EXERCISE GOAL >> Your copy of the entries below should hold exactly the lines from the one containing "Relaxing backyard patio" to the one containing "Vintage Couple Breakfast Illustration", inclusive, and no pictures.

RECORDS >>
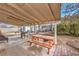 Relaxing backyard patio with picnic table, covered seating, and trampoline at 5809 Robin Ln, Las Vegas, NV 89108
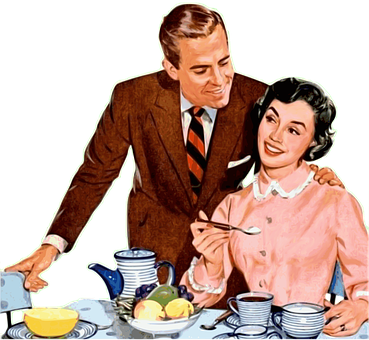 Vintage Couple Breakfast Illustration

* * *

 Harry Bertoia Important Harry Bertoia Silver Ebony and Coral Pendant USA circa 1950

SOLUTION TO THE EXERCISE >>
 Relaxing backyard patio with picnic table, covered seating, and trampoline at 5809 Robin Ln, Las Vegas, NV 89108
 Vintage Couple Breakfast Illustration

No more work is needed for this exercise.